### GIVEN DATA
=-=-=

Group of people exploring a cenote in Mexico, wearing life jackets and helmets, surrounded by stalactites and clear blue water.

=-=-=

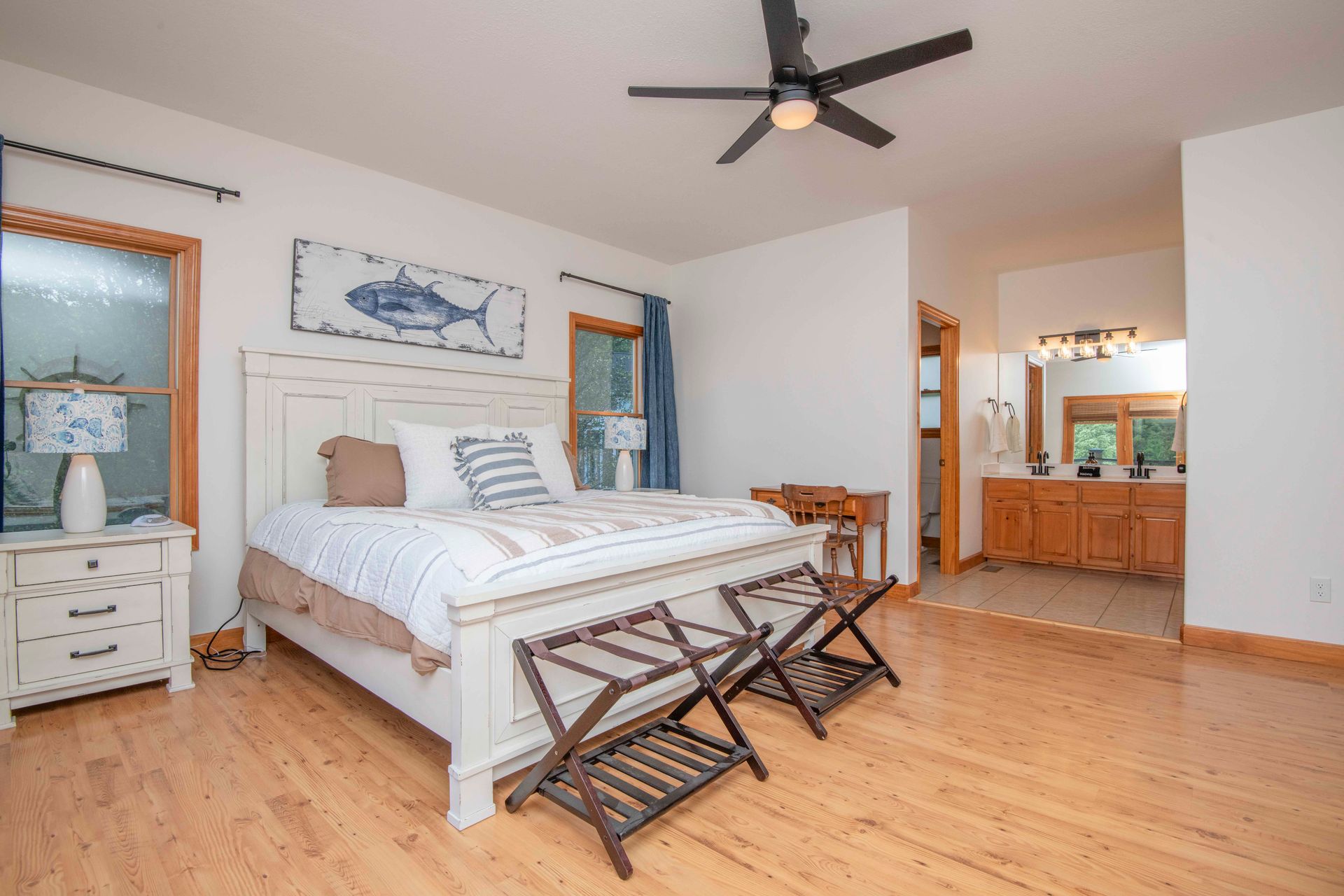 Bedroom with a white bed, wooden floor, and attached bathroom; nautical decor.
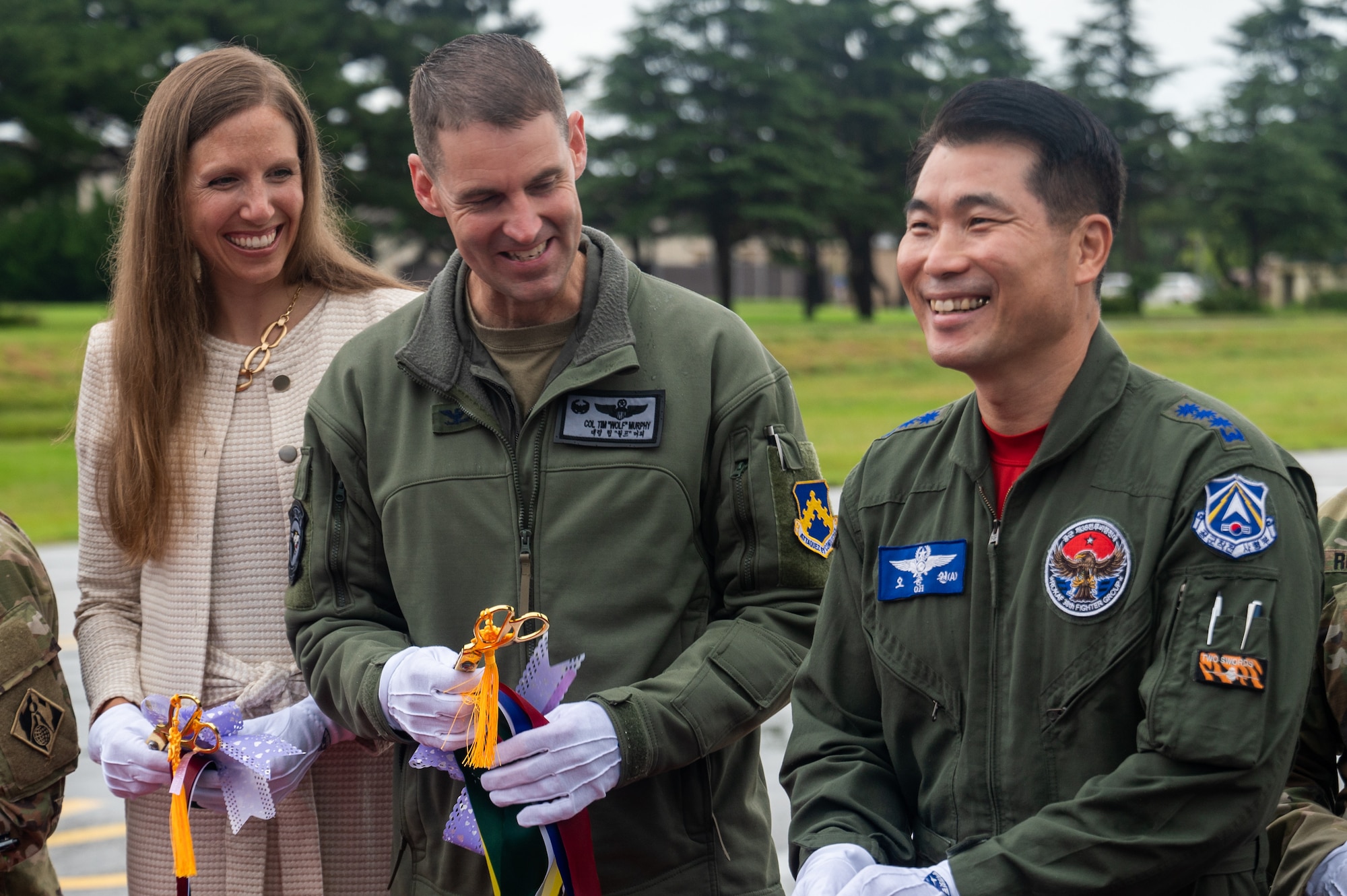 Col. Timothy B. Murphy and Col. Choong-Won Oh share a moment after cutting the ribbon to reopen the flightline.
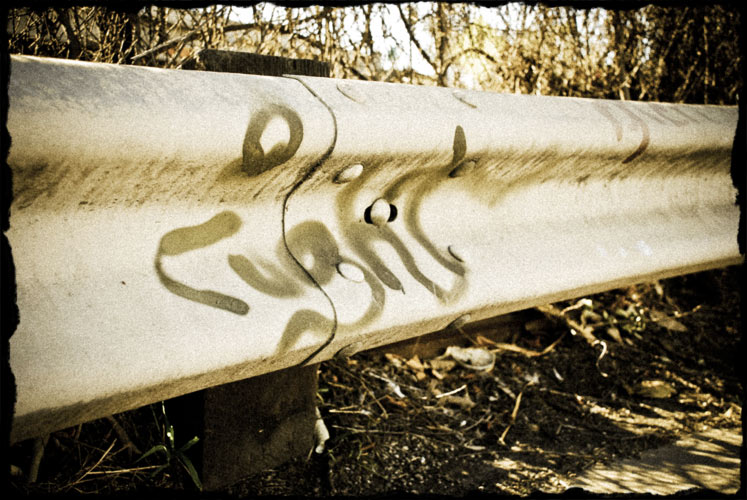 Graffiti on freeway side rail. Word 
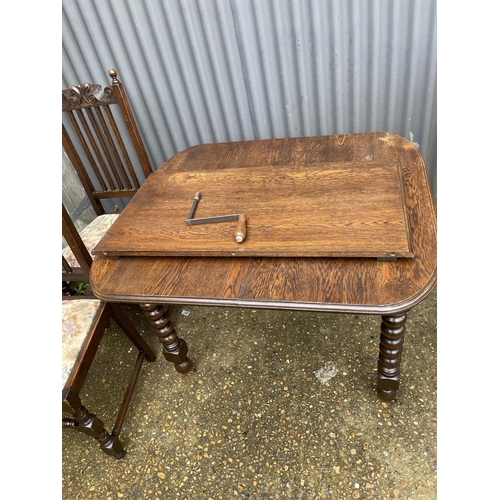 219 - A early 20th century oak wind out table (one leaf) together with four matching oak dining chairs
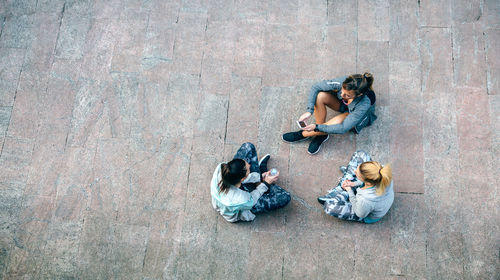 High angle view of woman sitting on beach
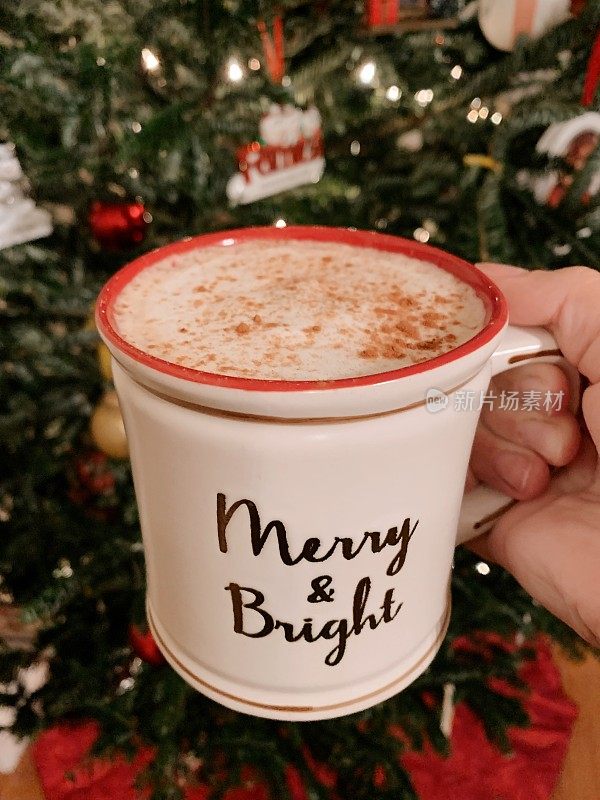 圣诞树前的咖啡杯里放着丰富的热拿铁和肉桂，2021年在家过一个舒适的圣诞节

=-=-=

### REQUIREMENT
Print an exact copy of the lines above, from the one containing "219 - A early" through the one containing "圣诞树前的咖啡杯里放着丰富的热拿铁和肉桂，2021年在家过一个舒适的圣诞节", and leave out the pictures.

### WRITTEN SOLUTION
 219 - A early 20th century oak wind out table (one leaf) together with four matching oak dining chairs
 High angle view of woman sitting on beach
 圣诞树前的咖啡杯里放着丰富的热拿铁和肉桂，2021年在家过一个舒适的圣诞节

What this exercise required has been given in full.